[Date Prev][Date Next][Thread Prev][Thread Next][Date Index][Thread Index]

Re: [Condor-users] Dagman Newbie Questions



On Thu, 9 Oct 2008, Jeremy Yabrow wrote:

It seems that condor_q only shows the dag jobs that running or that CAN run. Jobs that are blocked due to prequisite jobs not done yet, are not shown. Also, if I keep the jobs in the system and attempt to re-run them (using condor_hold & condor_release), then the dependencies are not obeyed during this subsequent "run"

Yes, that's right. Once a job is submitted, DAGMan doesn't do anything to it (besides removing it if you remove the condor_dagman job itself).

If I understand what's going on, the dagman job appears to be simply a job that submits other jobs, and the downstream jobs are not even submitted until their prerequisite jobs have run. Subsequent runs can only be run again with the .rescue file. Is this correct?

Well, the first part of this is basically correct.  DAGMan does a little
more than just submitting jobs, but yes, jobs whose prerequisities are not
satisfied are not submitted to Condor.

As far as the rescue DAG goes, though, you only get a rescue DAG if the workflow fails or if you condor_rm the condor_dagman job. If you do run
a rescue DAG, you don't re-run all of the jobs, only the ones that didn't
finish (or were not run at all) the first time around.

If you want to re-run a DAG from scratch, you need to do

    condor_submit_dag -f <whatever>.dag

This will re-run the whole DAG regardless of whether it succeeded the first time.

This has consequences for us because in our business, deadlines are critical and resource utilization must be maximized. So progressive estimates of completion and remaining work are necessary. We need all nodes of the entire DAG to be present in the system to estimate resource use, even though many of the nodes may be blocked waiting for prerequisite nodes. Jobs that submit other jobs are a nasty surprise for our resource managers. Also re-running of any node and its dependent nodes is fairly common and is often done many times during pipeline troubleshooting-we don't want to have to re-submit the entire DAG several times in separate runs because there may be long-running nodes in the DAG we want to continue in parallel while we're working on other "broken" nodes.

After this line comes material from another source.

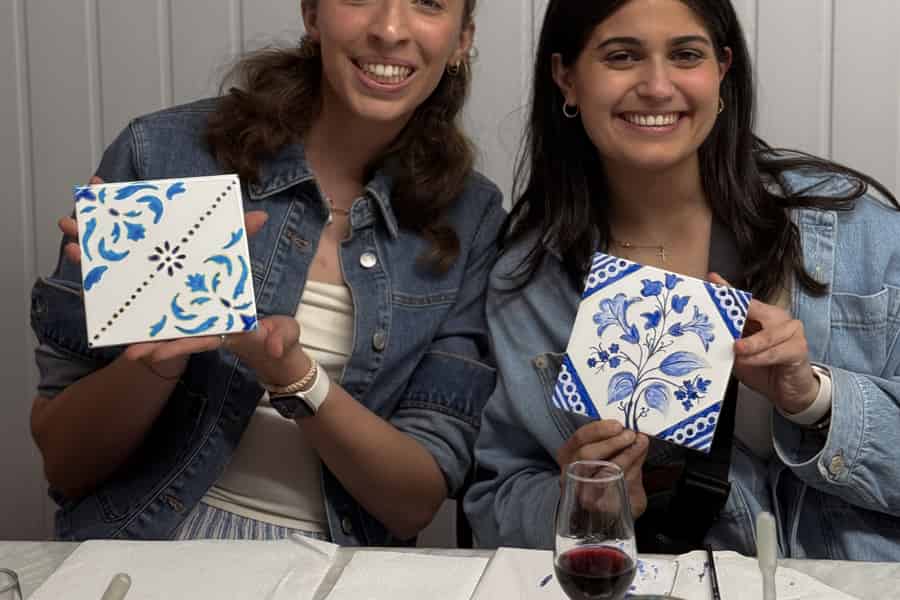 Porto: Fliesenmalerei-Workshop mit Portwein – Sé do Porto. Foto: GetYourGuide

As far as estimates of completion go, you can get some idea by looking at the dagman.out file, where you'll find periodic updates like this:

7/10 17:20:40  Done     Pre   Queued    Post   Ready   Un-Ready   Failed
7/10 17:20:40   ===     ===      ===     ===     ===        ===      ===
7/10 17:20:40     1       0        0       0       2          1        0

Of course, this doesn't account for differences in resource usage between different nodes of the DAG.

You can have DAGMan re-try nodes if you want, but that doesn't allow you to manually re-start failed nodes.

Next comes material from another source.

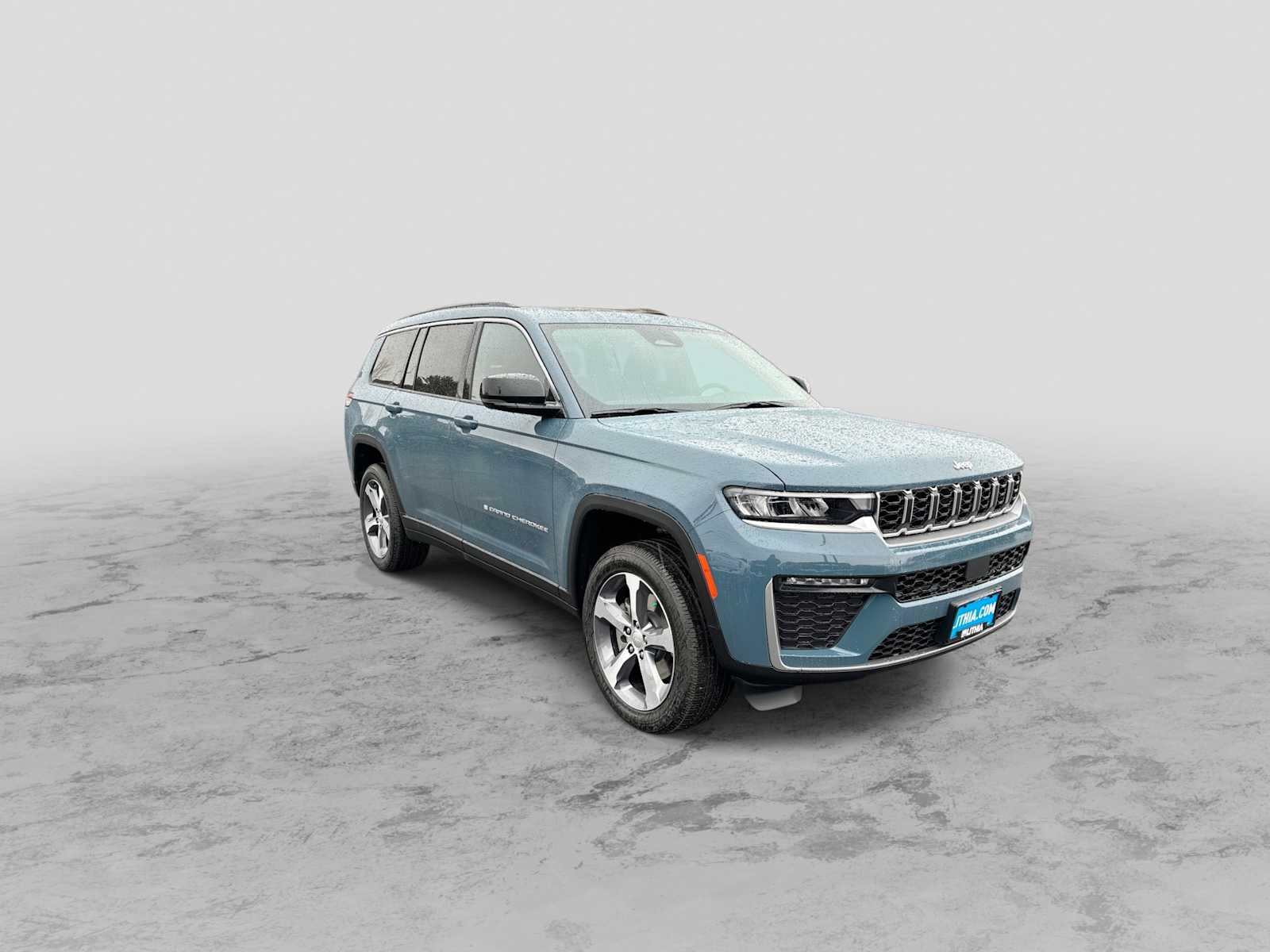 Thumbnail: 2026 Jeep Grand Cherokee - 2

If you absolutely have to have all of the jobs in the queue, though, I don't see any way to do this with DAGMan.

It looks to me like we'd have a hard time getting Condor/Dagman to support these needs. I'd love any advice / comments you might have on this.

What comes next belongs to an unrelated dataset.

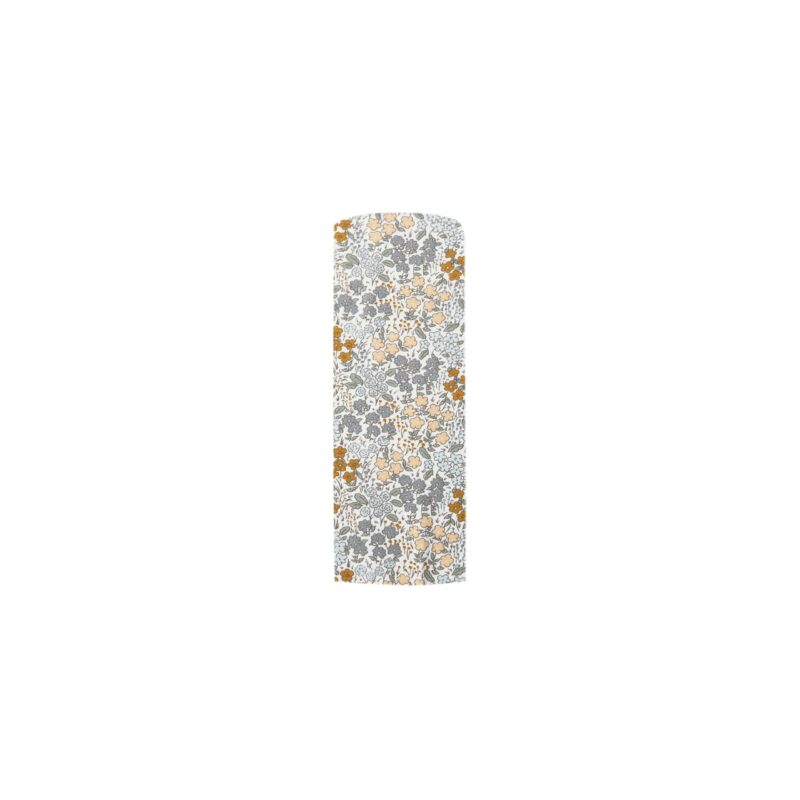 Quincy Mae Garden Bamboo Swaddle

Well, having DAGMan submit all of the jobs and then put them on hold if they're not ready (or something along those lines) would be a really
fundamental change in DAGMan, and I don't see that happening.  (And for
many users, the fact that not all of the jobs go into the queue right
away is a benefit, because it decreases the load on the Condor central manager and the schedd.)

Sorry I haven't been of more help...

Kent Wenger
Condor Team